LONDON — HSBC Holdings PLC Friday confirmed that Stuart Gulliver, its head of investment banking, will replace Michael Geoghegan as chief executive, while chief financial officer Douglas Flint will succeed Stephen Green as group chairman.

Confirmation of the appointments, widely trailed since late Thursday, isn't likely to trigger major changes in strategy at the U.K.-based bank. However, it concludes a dramatic chain of events for a bank that avoided the big shakeups that affected many of its peers during the financial crisis.

HSBC's greater focus on Asia meant the bank was less hurt by the crisis than some other U.K. banks, although a lending business it bought in the U.S. in 2003 was responsible for dragging down earnings at the bank for several quarters.

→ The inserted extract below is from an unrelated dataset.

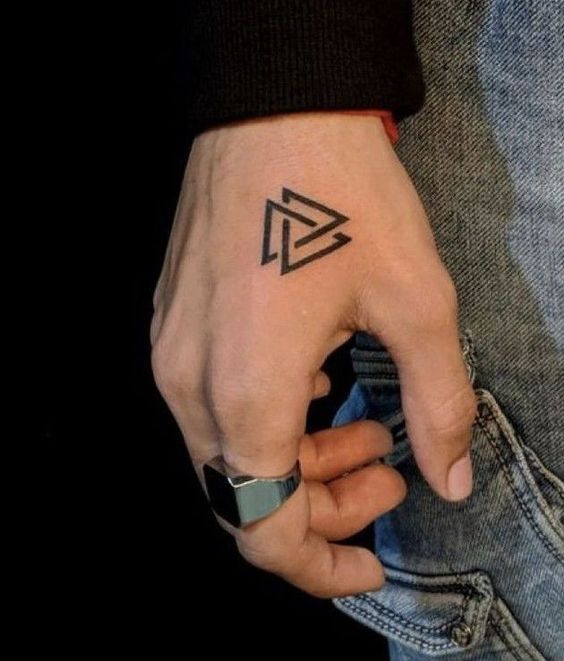 A close-up of a person's hand with a geometric arrow tattoo on the back, resting against denim jeans. they are wearing a silver ring on their thumb.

Geoghegan, with more than 35 years at the bank, is leaving after he was told by the board he wasn't likely to make chairman, according to a person familiar with the situation. Geoghegan is stepping down as CEO and from the board at the end of this year but will continue to be employed by the bank in an advisory capacity until March 31, 2011 when he will retire, HSBC said in a statement.

Flint's appointment breaks with the bank's tradition of appointing its CEO as chairman. Stephen Green previously announced he is leaving to become U.K. trade minister at the end of the year, but people familiar with the situation said the board didn't believe Geoghegan was prepared for a role which has increasingly become that of international representative for all issues, including the hot topic of regulation.

Tapping an executive director for the role would also be seen as poor corporate governance in the U.K. In addition, Geoghegan reportedly clashed with John Thornton, a former Goldman Sachs Group Inc. banker who is a non-executive member of HSBC's board and was until recently a leading contender for the position.

Instead, HSBC has chosen two executives who already work well together. Gulliver, 51 years old, started at HSBC in 1980 and has been responsible for building a strong investment banking business in Hong Kong.

Flint, 55, has been HSBC's financial chief since 1995 and is well respected by industry peers. He will take over when Green formally retires following a Dec. 3 board meeting.

HSBC is the second bank in recent weeks to appoint an investment banker as its head. Barclays PLC recently named Barclays Capital's Bob Diamond as CEO starting next year, when John Varley retires.

Appointing an investment banking veteran to run a bank in the U.K. could prove tricky, at least politically. The government has set up an independent commission on banking, which among other things will look at the possibility of breaking up banks' retail and investment banking operations.

The commission will soon hold hearings with banks' executives to discuss this and other issues. It is scheduled to present its final recommendations to the government in September, 2011.

Other executive changes announced by HSBC Friday include the appointment of Sandy Flockhart as Chairman, Europe, Middle East, Africa, Latin America and Commercial Banking. Sir Simon Robertson, Chairman of HSBC Bank PLC, who led the search for the new chairman, will remain a senior independent non-executive director and assume the role of Deputy Chairman. Iain Mackay becomes Group Finance Director.